Judge to Georgia voting officials: You’re terrible at digital security

“Advanced persistent threats… and ordinary hacking are unfortunately here to stay.”

Computer security practitioners have been worried about the security of election machines since the 1960s. My colleague Avi Rubin at Johns Hopkins has been hammering on flaws in Diebold voting machines since the late 1990s. If you’re curious, Avi’s analysis of one voting machine is that: they did everything wrong. The systems configurations are wrong, the cryptography is wrong, the software is wrong, it’s a litany of wrong, wrong, wrong. My opinion on Avi’s work has always been that it’s really good but it’s cautious; there are aspects to voting machines that I dislike less than he does – I tend to ask questions like “what happens if someone threatens someone who is operating the polling place?” That sort of thing has happened a lot in the US, and recently, too (the 1950s).

Every DEFCON I’ve gone to, lately, they’ve got electronic voting machines and people hack them to bits.

And now the big story is Russian hackers. That has been an ongoing problem since forever.

“The State’s posture in this litigation – and some of the testimony and evidence presented – indicated that the Defendants and State election officials had buried their heads in the sand.”

I think that they’re leaving the situation open so that they can cancel an election, if it doesn’t come out right. Or, they can take advantage of the flaws in the system to post a bunch more votes if they need to make sure the right person wins. That is the level of creeping political paranoia that I have reached.

In Asterix in Corsica, there’s a running joke about Corsican elections: they have all the ballot boxes full with the votes before the election is held – it saves time – and the challengers don’t even bother looking at them; they just jump right to a knife-fight. We won’t be invited to participate in that, either.

In Season (?3?) of House of Cards, Frank Underwood pulls out a raft of tricks to steal an election, including declaring a fake state of emergency in order to close the polling-places in districts that he doesn’t want the votes collected from.

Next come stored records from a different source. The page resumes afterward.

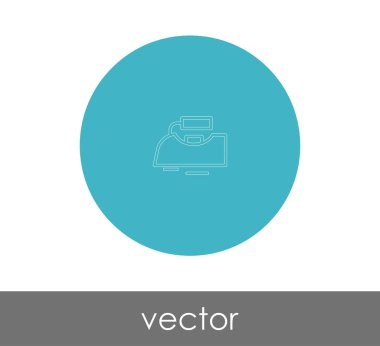 demir simge vektör çizim. logo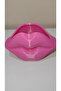 Glossy Kiss 15cm Aesthetic Lip Design Makeup Organizer - Pink - 3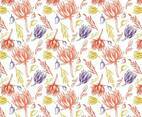 Free Protea Pattern Vectors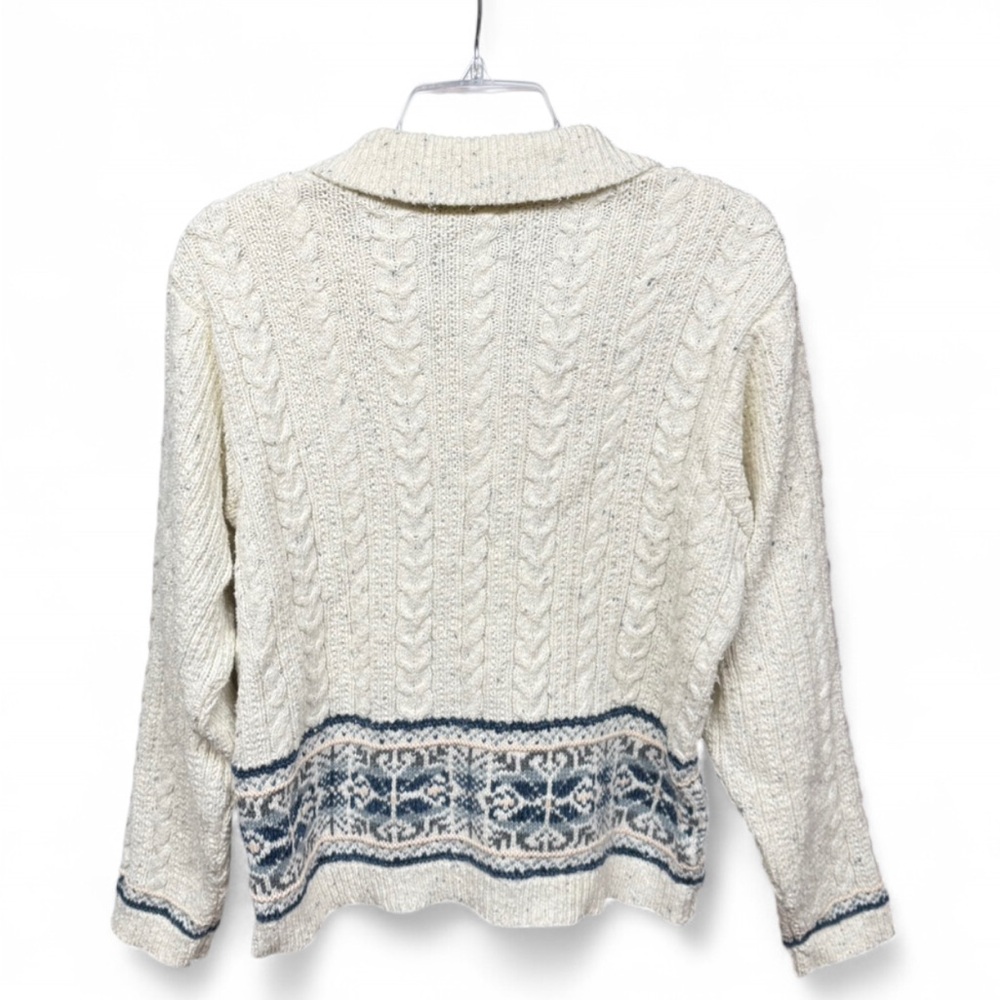 Vintage 90s Lizwear Coastal Cable Knit Cardigan, Size Small - Picture 10 of 10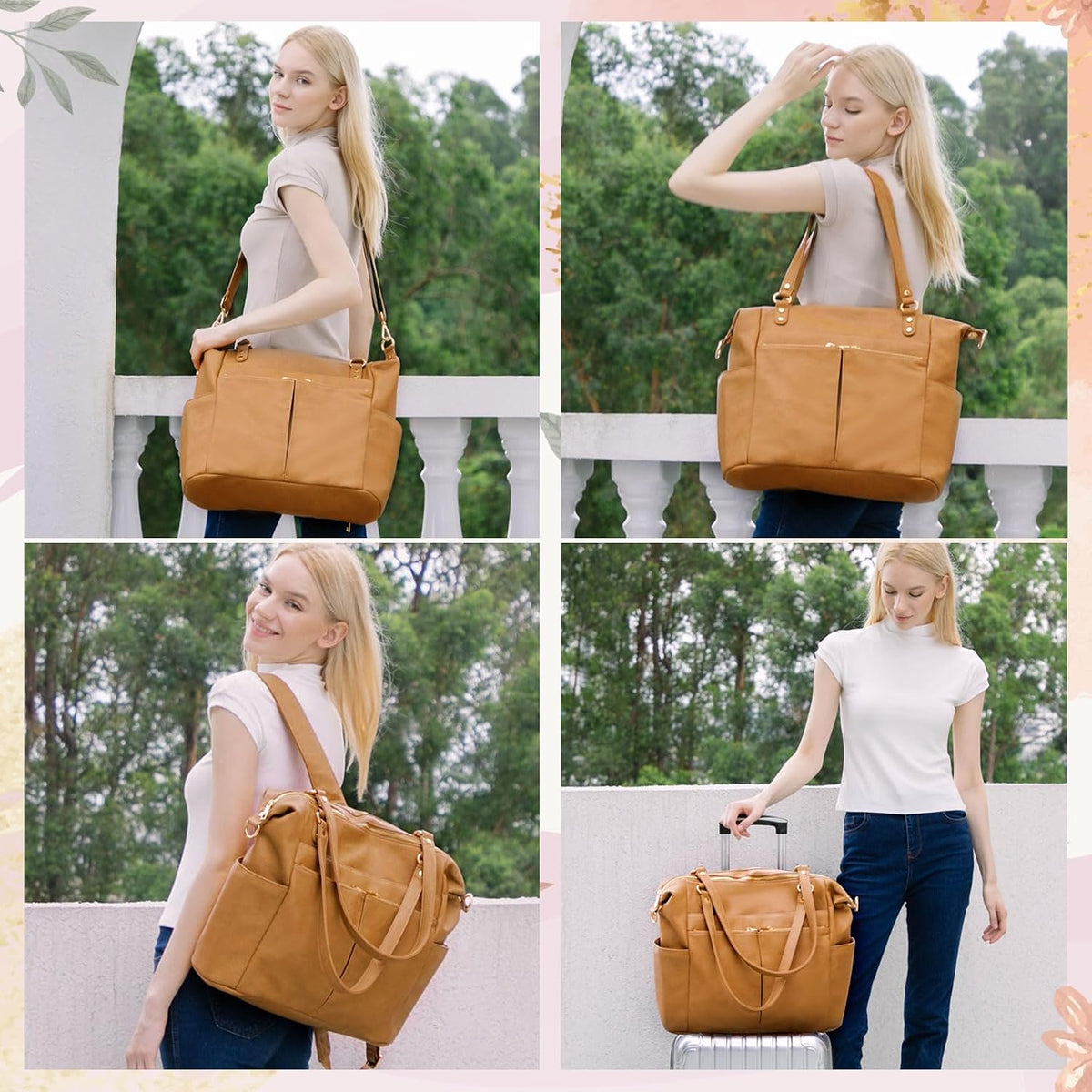 Diaper Bag Tote Convertible Diaper Bag Backpack Tote Leather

There is no other plausible reason for why the voting machines have been allowed to remain so bad. In a future election, we’ll see them invalidated “because of the Russians” and the Supreme Court will decide the election just like they did in Florida when they gave Bush the win. Russian hackers will be “Hanging chads 2.0” The Republicans are ‘all in’ to hang onto power and the Democrats are sabotaging their own candidates to prevent a socialist insurgency. Either party could find it convenient to toss a crucial state out and force a “mulligan.”

I think that they’re leaving the situation open so that they can cancel an election, if it doesn’t come out right.

------ divider ------

[* You can strip someone of the ability to vote, but can you take away their right to vote?]

“A state voting commission is walking down a sidewalk and sees a banana and says ‘oh, no, Russians are going to hack us again!”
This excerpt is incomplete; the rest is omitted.